Exactly the lines from the one containing "Next, click on" through the end of the listing below are required, restated word for word and without pictures.

# Collected data
※ ※ ※

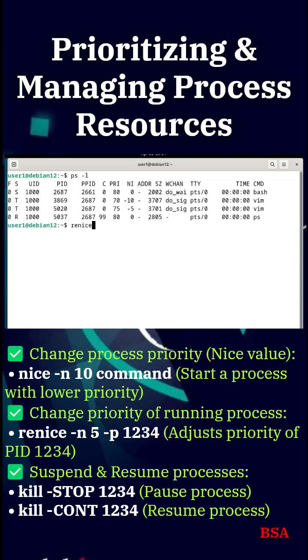Want to pause a process? Use kill -STOP PID. Then resume with kill -CONT PID.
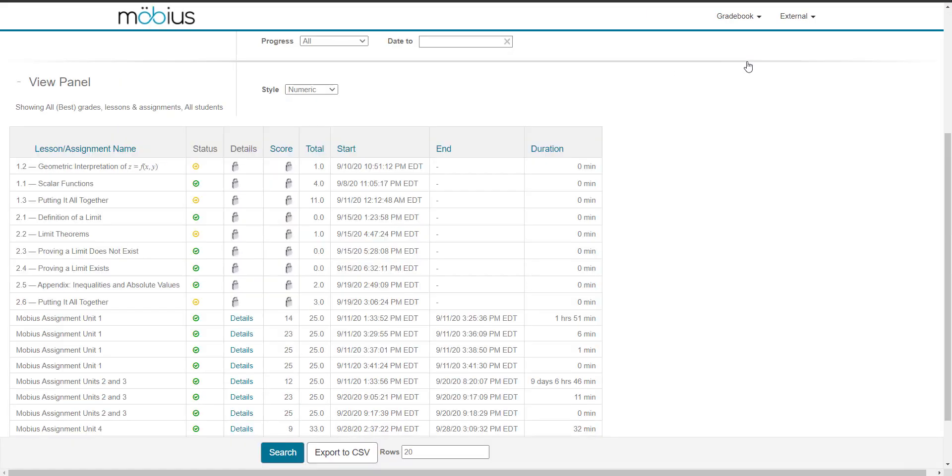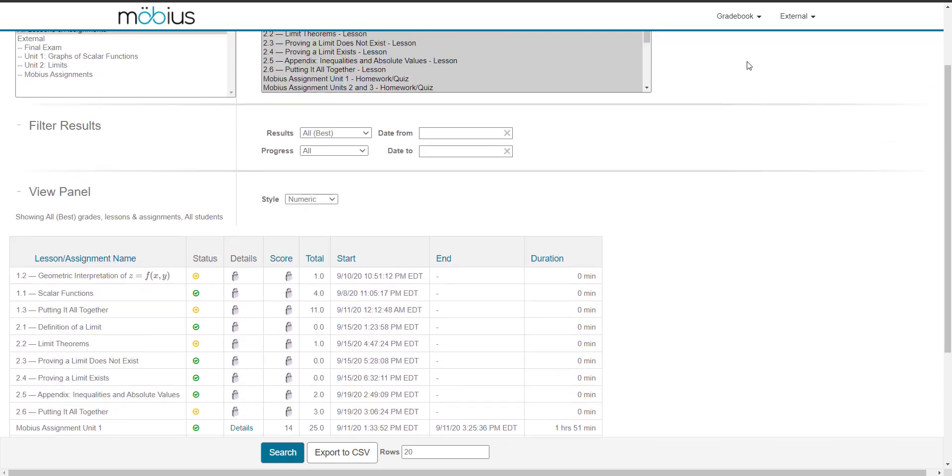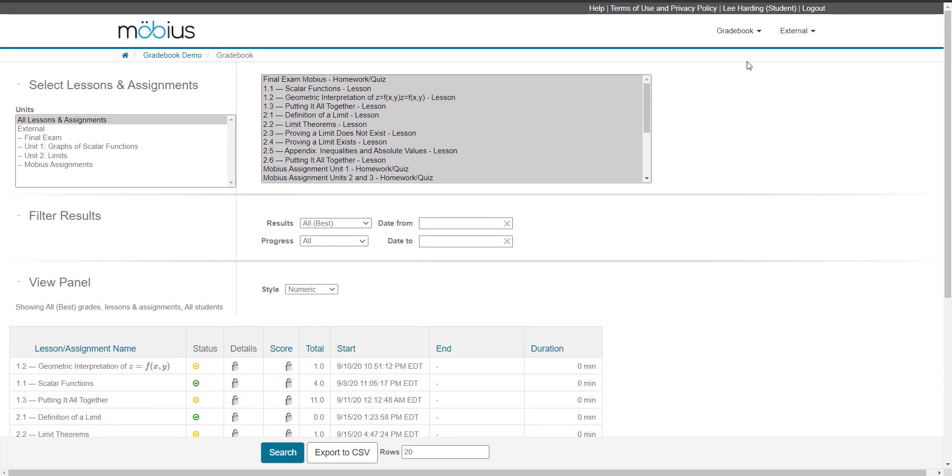I'm then navigated to the gradebook and it automatically jumps me down to the view panel, but if I want I can scroll back up to view the rest of the gradebook.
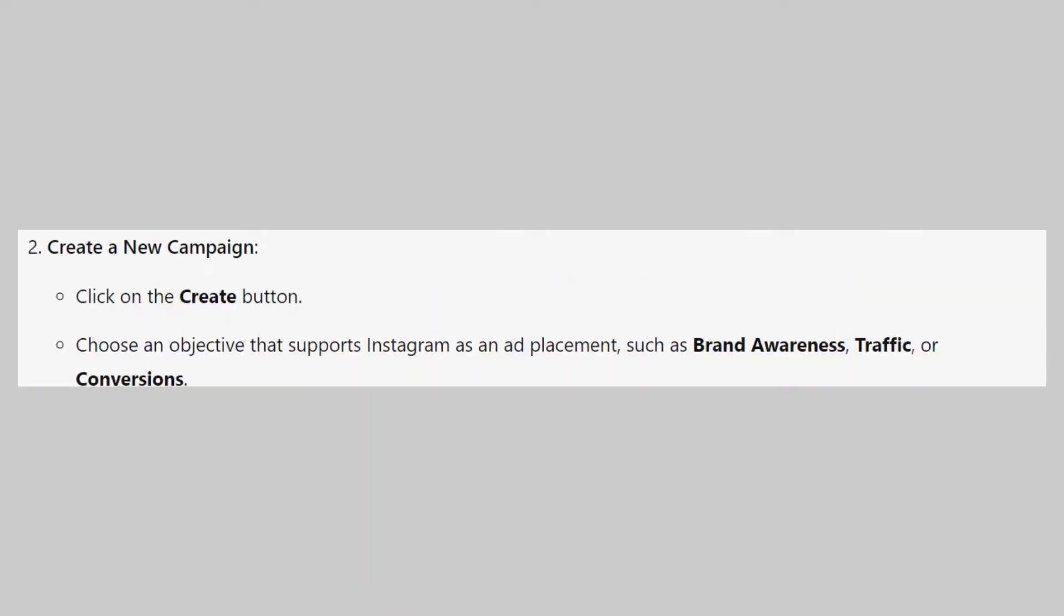Next, click on the Create button. Now choose an objective that supports Instagram as an ad placement, such as brand awareness, traffic, or conversions.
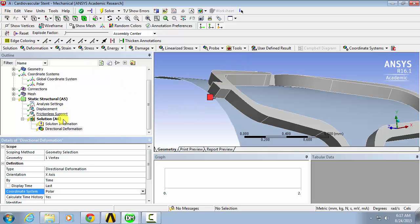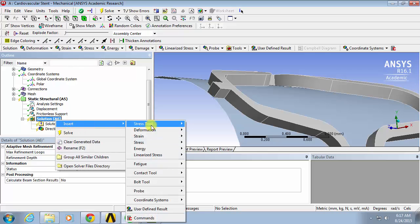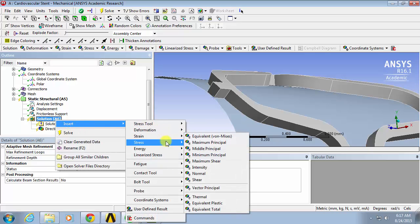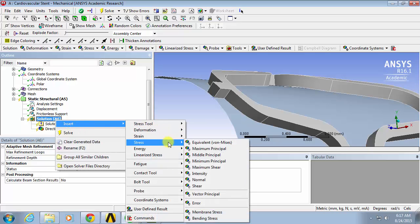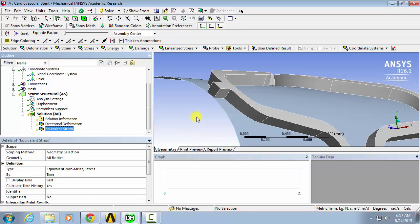Then, to get the stresses, we'll right-click insert equivalent von Mises stress and leave this for all bodies. Mostly, we're interested in the stresses inside the stent.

※ ※ ※

# Response below
Next, click on the Create button. Now choose an objective that supports Instagram as an ad placement, such as brand awareness, traffic, or conversions.
Then, to get the stresses, we'll right-click insert equivalent von Mises stress and leave this for all bodies. Mostly, we're interested in the stresses inside the stent.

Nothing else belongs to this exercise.